Snake cells infected by reptarenaviruses begin to accumulate protein plaques called inclusion bodies. In pythons, the disease often causes neurological symptoms, though this is less common in boa constrictors. In boas at least, a reptarenavirus infection is permanent, so while the disease may progress very slowly, it will most likely eventually be fatal.
Hartmaniviruses are often found in snakes infected by reptarenaviruses, but so far the role of the former in the pathogenesis of BIBD is unknown.
“Apparently snakes start developing other secondary infections and malignant tumours, which eventually kill them. As yet, we remain uncertain about the mechanisms of the disease, but we suspect that the reptarenavirus weakens the snake’s immune defences, resulting in an outcome similar to that of an untreated HIV infection in humans,” Hepojoki says.
“Research on arenaviruses found in snakes helps understand the mechanisms viruses employ to maintain persistent infections.”
RNA viruses are masters of adaptation
Hepojoki finds RNA viruses, to which arenaviruses also belong, particularly interesting and also extremely frightening due to the fact that they are exceptionally good at adapting. This feature makes many of them able to transfer from one species to another. Certain rodent arenaviruses have the ability to infect humans in whom they can cause very serious diseases, including Lassa fever.
The arenaviruses thus far identified in snakes are not known to cause diseases in humans.
“In fact, they are able to infect all types of cells, and in laboratory conditions they can also grow in human cells, but only at the temperature of 30 degrees Celsius. At normal body temperature, their growth slows down or is entirely inhibited.”
The ability of viruses to cross species barriers is a matter of great interest to researchers. What happens to the genome of a virus that transfers into a new species and how does it adapt its functions to the immune system of the new host?
Viruses manipulate the immune defences of their host species by pressing either ‘brake’ or ‘gas pedal’. In a new host, this braking and accelerating by the virus may, however, cause an entirely new kind of defensive reaction, something that may even kill the host – naturally an unwanted outcome for the virus.

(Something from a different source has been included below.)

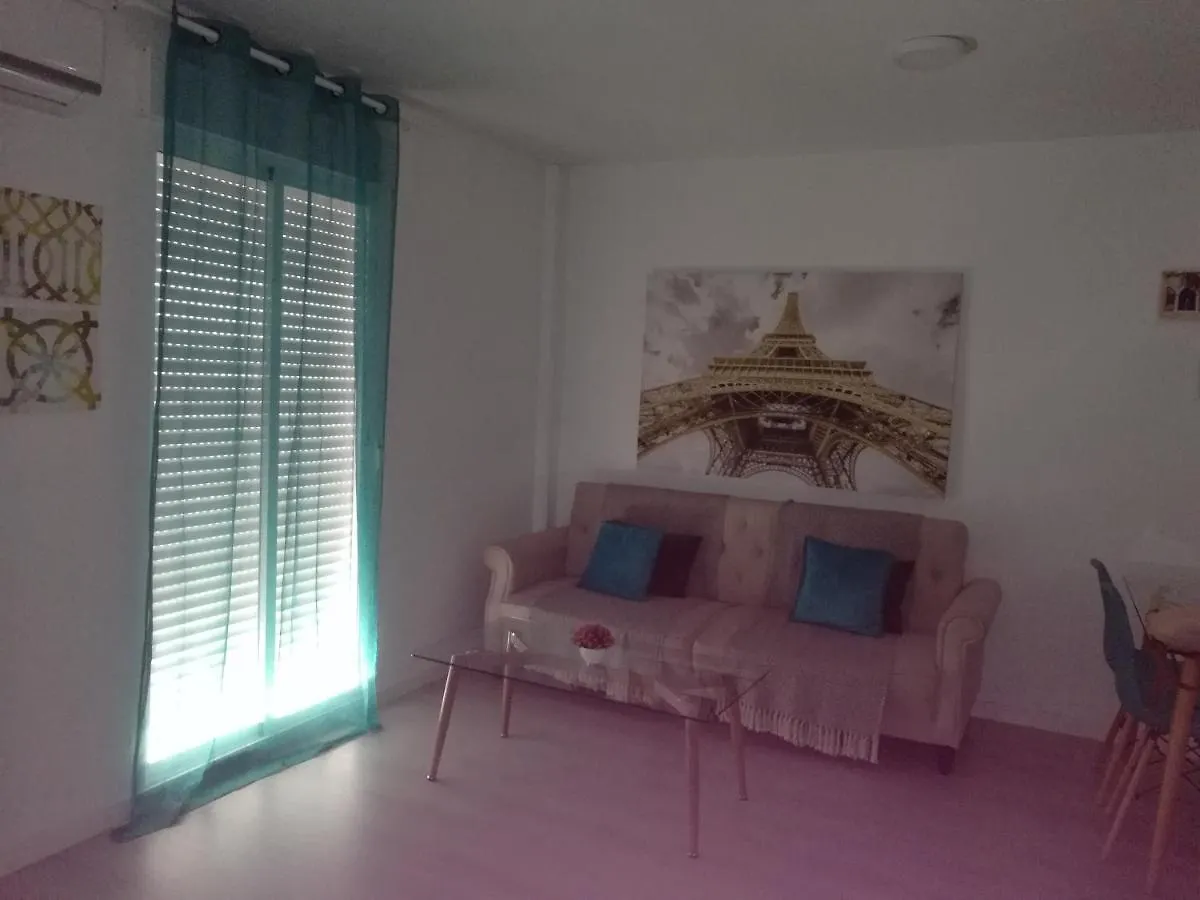 Apartamento En Los Patios De San Basilio Apartment Cordoba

“For viruses to keep on growing in a new host, they have to learn to cope with new kinds of defences. How does this adaptation happen in practice? That’s an interesting question.”

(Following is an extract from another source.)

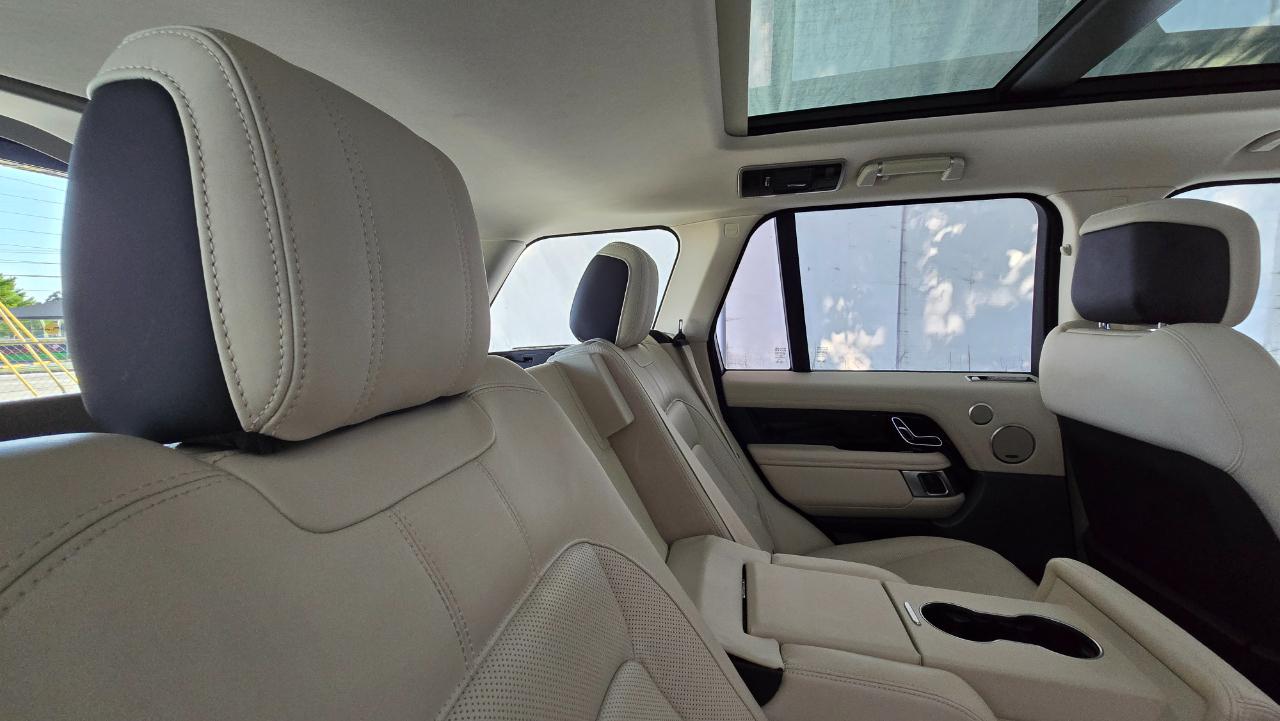 Land Rover Range Rover HSE 2020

What is a mystical deltavirus doing in a snake?
Only recently, the same group of researchers from the Universities of Helsinki and Zurich published another unexpected finding: they had identified a deltavirus carried by a snake (MBio, 2 April 2019). Until then deltaviruses were thought to only occur in humans, and only in co-infection with the hepatitis B virus.
“Deltaviruses are viruses of a very special kind. They only have one single string of proteins, comprising roughly one-third of the virus. The rest is what is known as ‘garbage RNA’, due to which it is easy to miss the virus in sequencing,” Hepojoki says.
On their own, deltaviruses are incapable of infecting cells; rather, they need a viral companion whose surface structures they exploit. In humans, deltaviruses are only able to cause an infection either together with the hepatitis B virus or by infecting humans already suffering from hepatitis B.
“Identifying the virus in a snake raises the question of whether it is, after all, able to employ helper viruses other than hepatitis B. As this would be a rather significant discovery, we are keen to demonstrate this in practice. For the time being, researchers have not identified anything similar to the hepatitis B virus in snakes carrying deltaviruses, which indicates that the latter may well be also using other viruses for transport.”